Secure Coding mailing list archives

Really dumb questions?


From: jsteven at cigital.com (John Steven)
Date: Thu, 30 Aug 2007 08:51:07 -0400

James,

Not dumb questions: an unfortunate situation. I do tool bakeoffs for clients a fair amount. I'm responsible for the 
rules Cigital initially sold to Fortify. I also attempt to work closely with companies like Coverity and understand 
deeply the underpinnings of that tool's engine. I've a fair amount of experience with Klocwork, unfortunately less with 
Ounce.

I understand the situation like this: technical guys at each of these companies are all great guys, smart, and 
understand their tool's capabilities and focus. They accurately describe what their tool does and don't misrepresent it.
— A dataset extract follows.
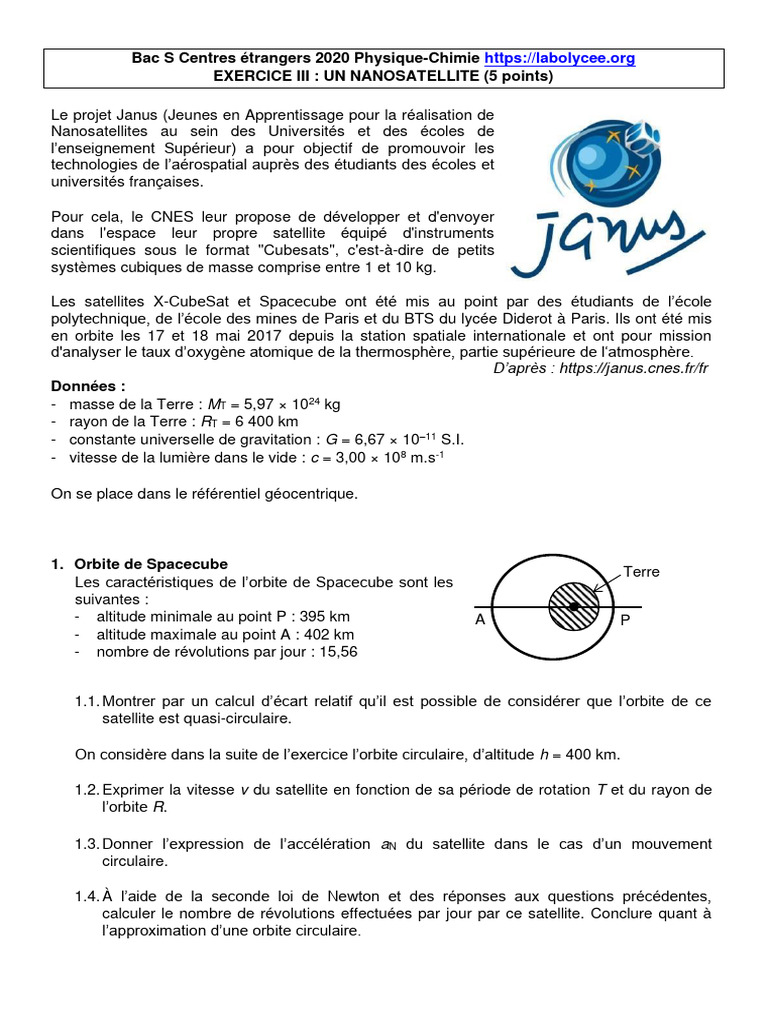 Projet Janus : Nanosatellites étudiants | PDF | Satellite | Orbite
On the other hand, I've experienced competition bashing in the sales process as I've helped companies with tool 
selections and bake offs. I see NO value in this. As I said in a previous post to this list: the tools differ both 
macroscopically in terms of approach and microscopically in terms rule implementation. Please see my previous post 
about bake-offs and such if you'd like more information on how to disambiguate tool capabilities objectively.

No blanket statement about quality or security fits any vendors' tool; ANY vendor. Ignore this level of commentary by 
the vendors.*(1)

No boolean answer exists to your question, let me give you some of my experiences:


 *   Fortify's SCA possesses far-and-away the largest rule set, covering both topics people consider purely security 
and those that may-or-may-not create opportunity for exploit (often when combined with other factors) which one may 
call quality rules. My impression is that SCA can be effectively used by Security Folk, QA Folk, or developers with a 
mind to improve the quality or security of their code. Recent inclusion of Findbugs bolsters SCA's capabilities to give 
code quality commentary.


 *   Coverity's Prevent often gets pigeon-holed as "a quality tool", but does an exceptional job of tracking down 
memory issues in C, C++. Skilled security consultants will tell you that failing to fix Prevent's results in your code 
will result in various memory-based command injection opportunities (BO, format string, write-anywhere's, etc.). It 
also effectively targets time-and-state issues, as well as other classes of bug. Prevent can effectively be used by 
Security Folk and Developers (or your rare hardcore QA person) to improve code quality and squelch opportunity for 
exploit.


 *   Klocwork's tool targets rule spaces similar to Fortify, but possesses less. Often pegged as a quality tool (as 
well), do find its UI (more than its engine) possess helpful features that only a QA professional would enjoy. This 
includes its defect density calculation, "reverse engineering" capabilities, and its reporting/time-series style. 
Klocwork can be effectively used by a Security guy to find security bugs, but I believe Fortify and Ounce have widened 
the rules gap in recent years.

Tackling your other questions in rapid succession:

There is no difference, technically, between the ability to scan for quality or security. However, each engine focuses 
on parsing and keeping track of only that state which provides meaningful data to their rules. You can imagine that 
Fortify carries a fair amount of information about where data came from and what functions may be dangerous and can 
therefore support new security rules easily. They don't carry around information to aggregate defect density readily 
like K7 can. Does this make one intrinsically better than the other for quality or security? Perhaps having worked on 
static analysis tools I'm cranky but I say, "No." If the market clearly mandated something specifically, all the 
vendors would augment their engine to support it. Some would be in a better position to offer it than others.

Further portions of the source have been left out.